Some of the positions are starting to flush out. Rich Klajnscek hangs with me. He’s an unknown factor. This is his first time in a C1X, but he’s won the racing class (unlimited boats, i.e., no length/beam/weight restrictions) countless times and is used to being in front from start to finish. Ok, I bring up the pace, a little more squeeze into the finish, sending the boat a little quicker. James Dietz is with Rich, looking strong as always.
I cut the last turn out of the river a bit too close. Not through any maverick corner- cutting tactics - it's just that the shoal extended way further out than expected. Dragging through shallow water, all of my speed vanishes. My lead gets slashed with every stroke, but I angle back into deeper water and step on it.
Into the ocean, the flat, flat ocean.
There’s not even much boat traffic, so I can’t utilize my favorite “cheat” and surf powerboat wakes. Looks like there's a bit of negotiating going on for second and third...which makes them both go faster and drives them back up to me. Gotta go, I build more speed.
I hit the northern stretch going too fast.

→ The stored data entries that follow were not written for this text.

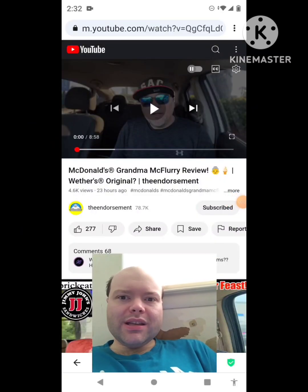Hey YouTube, it's Michael Lambert here. I'm back once again with another reaction video.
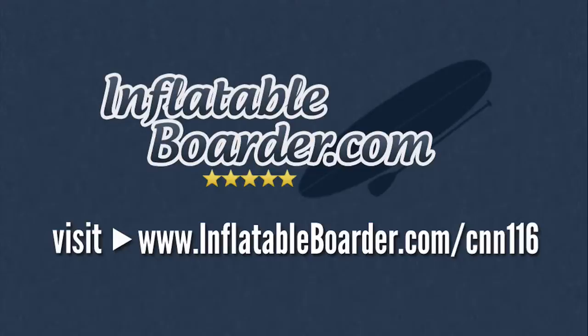Or you can simply click the link in the video description below. If you haven't already done so, please go ahead and subscribe to our YouTube channel. And if you enjoyed the video, please give us a like by clicking the like button below. If you've got any questions at all about the Sea Eagle Classic Needlenose 116, leave them in the comments area below — we'll be sure to get all of your questions answered. So that does it for today. Happy paddling. Stay tuned.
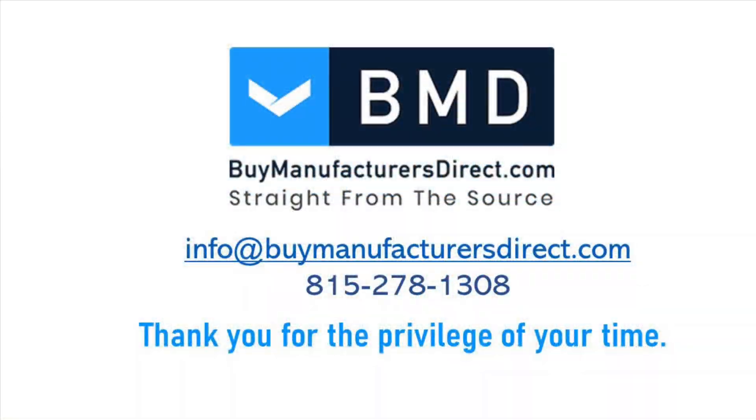If you have any interest or questions on the products you've seen today or other BMD products, please reach out to a Buy Manufacturers Direct Sales Representative. Finally, if you have a specific industry-related topic you'd like us to explore and discuss, feel free to let us know in the comment section.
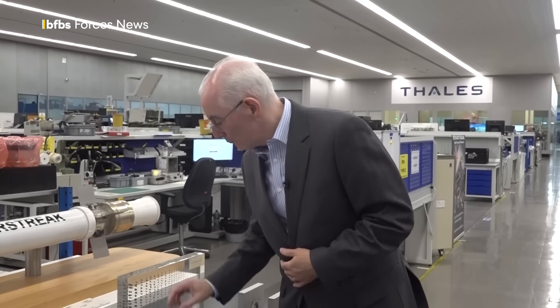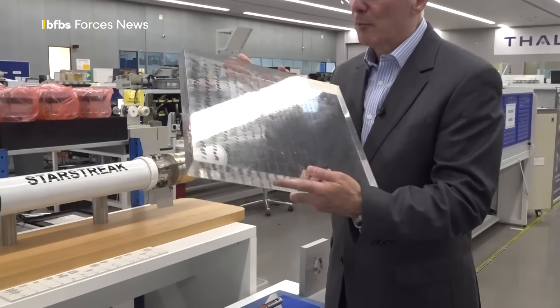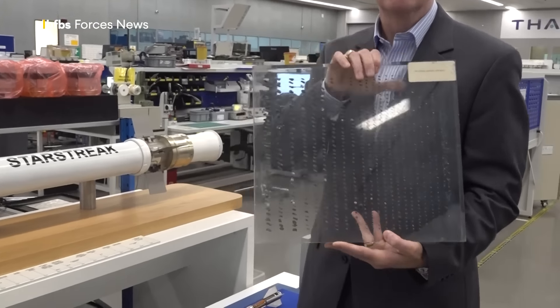This is launched from the shoulder, from a tripod, or from a vehicle system. Like LMM, we've got two rocket motors. We've got a rocket motor which boosts the missile out from the launch canister, out to a safe distance from the operator.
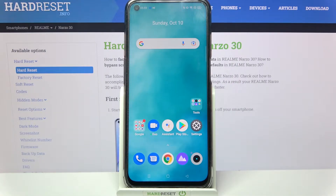Hi, in front of me is the Realme Narzo 30 and today I would like to show you how you can set up face unlock on this Realme.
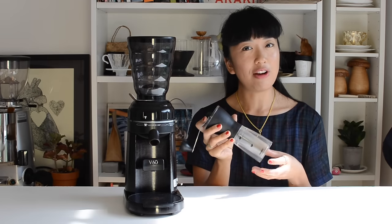But I started looking into electric grinders when I got a larger batch brewer for home and I was having to grind between 40 and 80 grams each time. Not only is hand grinding that amount a lot more time consuming, but it's also a little taxing on my arms, so when I heard that Hario was coming out with an electric grinder I was really excited.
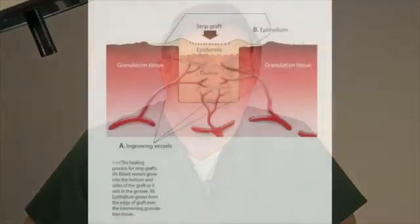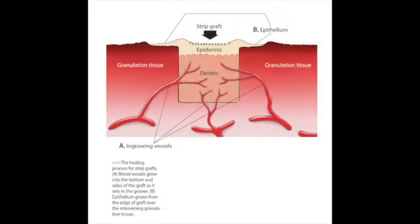Now the graft healing — how does the graft heal? These grafts have an advantage in their healing because they sit down in a groove. So blood vessels can grow into the dermis of that graft not only from the bottom of that groove but from the sides of the groove, giving us that advantage for blood supply. In addition, the granulation tissue has myofibroblasts in it — fibroblasts that take the characteristics of smooth muscle. They will attach to the sides of that graft and contract, thus widening the graft out and giving us a more cosmetic appearance. The third thing that happens is epithelial tissue will grow from the strip grafts out to cover the intervening granulation tissue. That's generally how these grafts heal in place.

I should settle. This is a bit too amped for this lengthy course. Find a longer, more efficient stroke for the distance. Hang. I have clear water now, at least a few minutes of a lead. Settle.

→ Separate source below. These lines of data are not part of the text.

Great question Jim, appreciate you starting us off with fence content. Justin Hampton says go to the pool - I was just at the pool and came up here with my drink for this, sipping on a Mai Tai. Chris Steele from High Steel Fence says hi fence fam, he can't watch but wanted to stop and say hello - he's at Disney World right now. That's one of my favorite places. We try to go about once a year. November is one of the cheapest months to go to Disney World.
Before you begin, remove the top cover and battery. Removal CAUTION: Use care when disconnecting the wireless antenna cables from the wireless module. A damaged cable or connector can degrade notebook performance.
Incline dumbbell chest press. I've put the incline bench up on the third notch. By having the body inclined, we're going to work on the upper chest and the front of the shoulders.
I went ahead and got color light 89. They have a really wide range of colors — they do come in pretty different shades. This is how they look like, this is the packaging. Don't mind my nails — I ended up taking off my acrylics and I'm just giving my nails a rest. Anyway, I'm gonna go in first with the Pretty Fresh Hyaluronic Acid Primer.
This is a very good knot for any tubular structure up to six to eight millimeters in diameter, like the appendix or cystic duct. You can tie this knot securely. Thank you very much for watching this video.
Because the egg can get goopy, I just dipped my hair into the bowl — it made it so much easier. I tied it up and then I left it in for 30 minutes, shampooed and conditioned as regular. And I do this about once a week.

I squeeze through the gap at Straightsmouth Island that marks the half-way point feeling good. 10 miles clicked away, on pace for my targeted sub-three hour race.
I’m greedy for more of a lead. Curious to flirt with a lean too far over the edge. Push a little more pressure onto those feet, into those oars.

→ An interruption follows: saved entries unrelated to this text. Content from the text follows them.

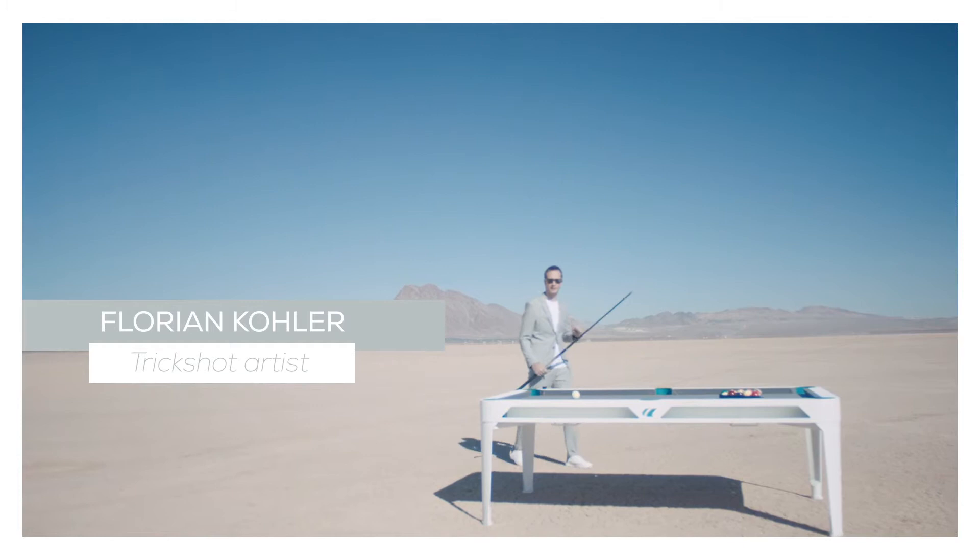Hi, I'm Florian Kohler, six-time Guinness World Record holder, and today I'm going to teach you a few fun trick shots for the entire family to enjoy.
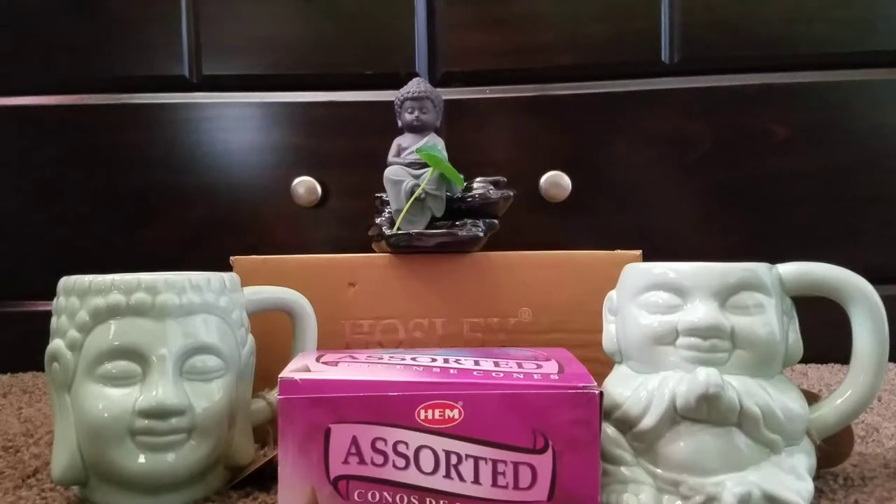Hey everyone, I just wanted to show you a small little birthday haul that I got. Most of my haul consists of incense. I have a couple other things to show you guys, but most of this haul is going to be incense. So let's get started.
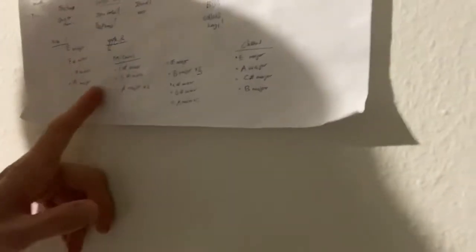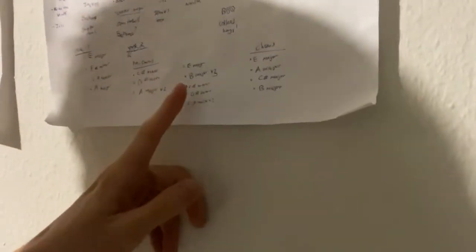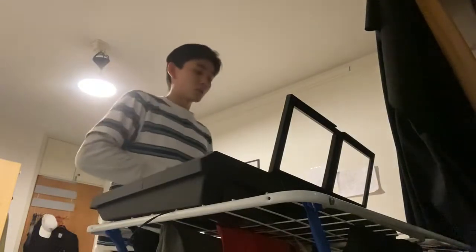I wrote down the verse 1 chords, then the pre-chorus chords — there are two parts of the pre-chorus — then the chorus chords. This helps me remember what chords have to be played. Sometimes during practice I don't want to go look at YouTube again, so I just look at the chords and go 'ah, it was this chord.' And combining it all together was very fun.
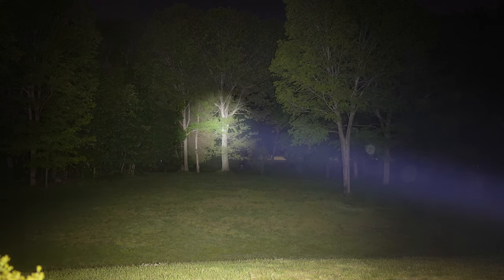That was a look at the Acebeam Terminator M2X. Pretty impressed with it - let me know what you guys think down in the comments. That's going to wrap it up for this video and we'll see you guys in the next one.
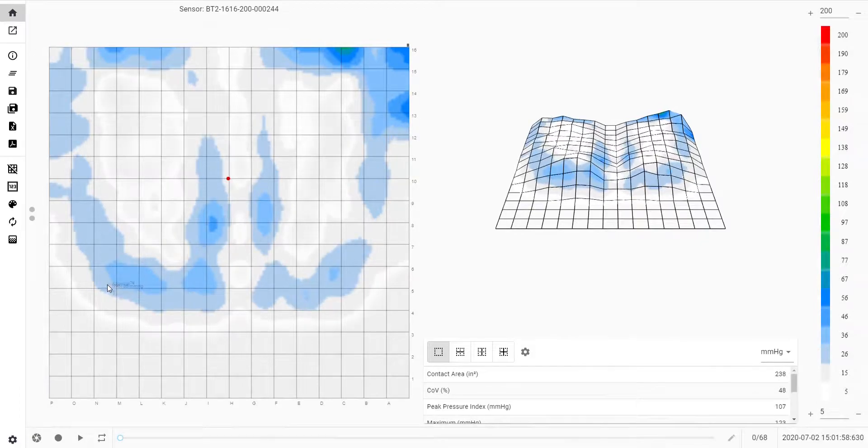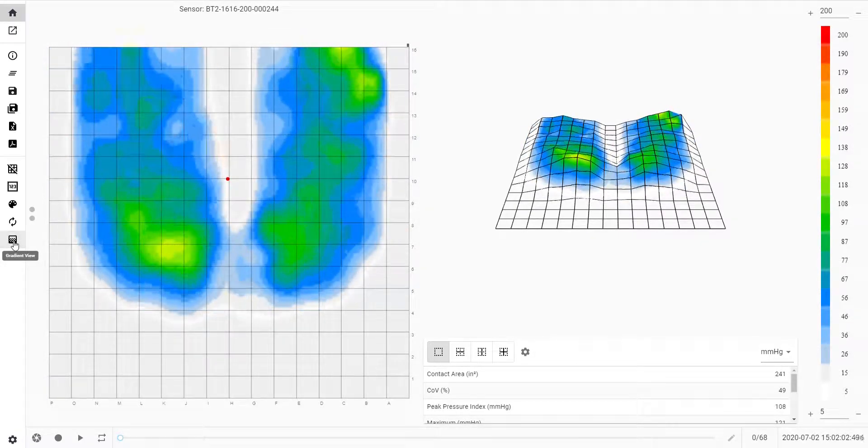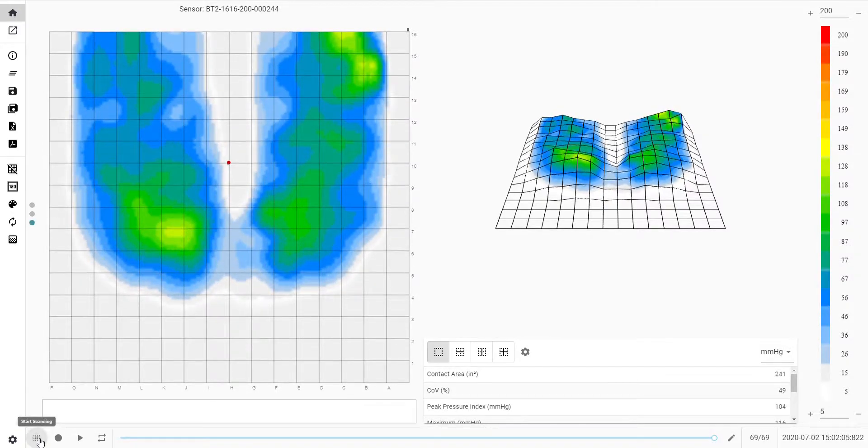The gradient view shows the potential risk of shear forces. Snapshots can be saved with notes as PDF or Excel, making them simple to email without the need for software.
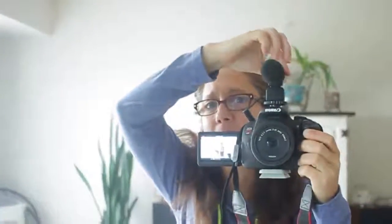Now I'll just show you what this microphone looks like on my camera. It's nice and small as you can see, and it doesn't weigh the camera down at all. Again, I'm really enjoying the quality of the microphone.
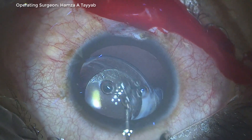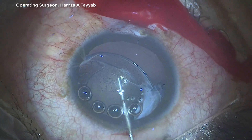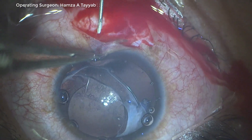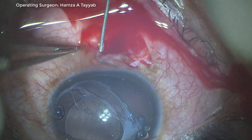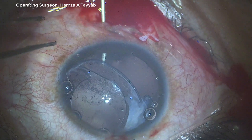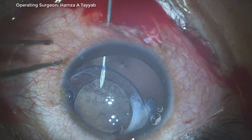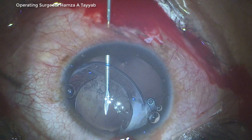I fill up the anterior chamber with a dispersive viscoelastic. Now I take a 26-gauge needle and pass it behind the iris. I have to make a small puncture in the capsular equator; however, since the bag is fibrosed, I'm not afraid of tearing it.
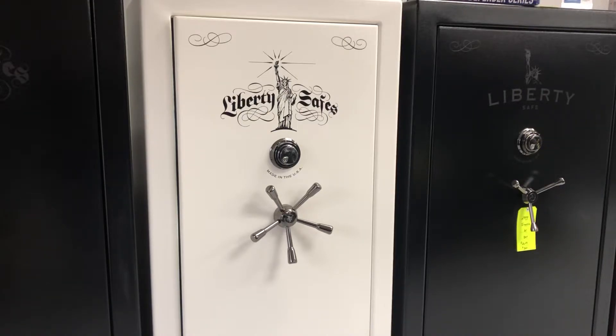This is going to be the 25 cubic foot safe that we're looking at here. The dimensions on this safe are going to be 30 inches wide, 28 and a half inches deep, and 60 and a half inches tall.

Along the southern stretch (this is pretty much a circumnavigation) I finally feel my boat flow into beneficial wave patterns and find myself surfing. This boat likes the rower's weight bow-forward in these little waves, so I shorten up to half-slide and make a big body swing into the bow, at times almost laying right down. My boat surges. I’m flying into sprint speeds with little pressure on the oars, just quick light strokes timed to keep me in sync with the waves. Oh, this will help me pull more of a gap on the field!
I’m starting to move through the boat classes that started ahead of me. That gives me further motivation… pass boats, pass boats. Still surfing these almost non-existent little waves, moving fast.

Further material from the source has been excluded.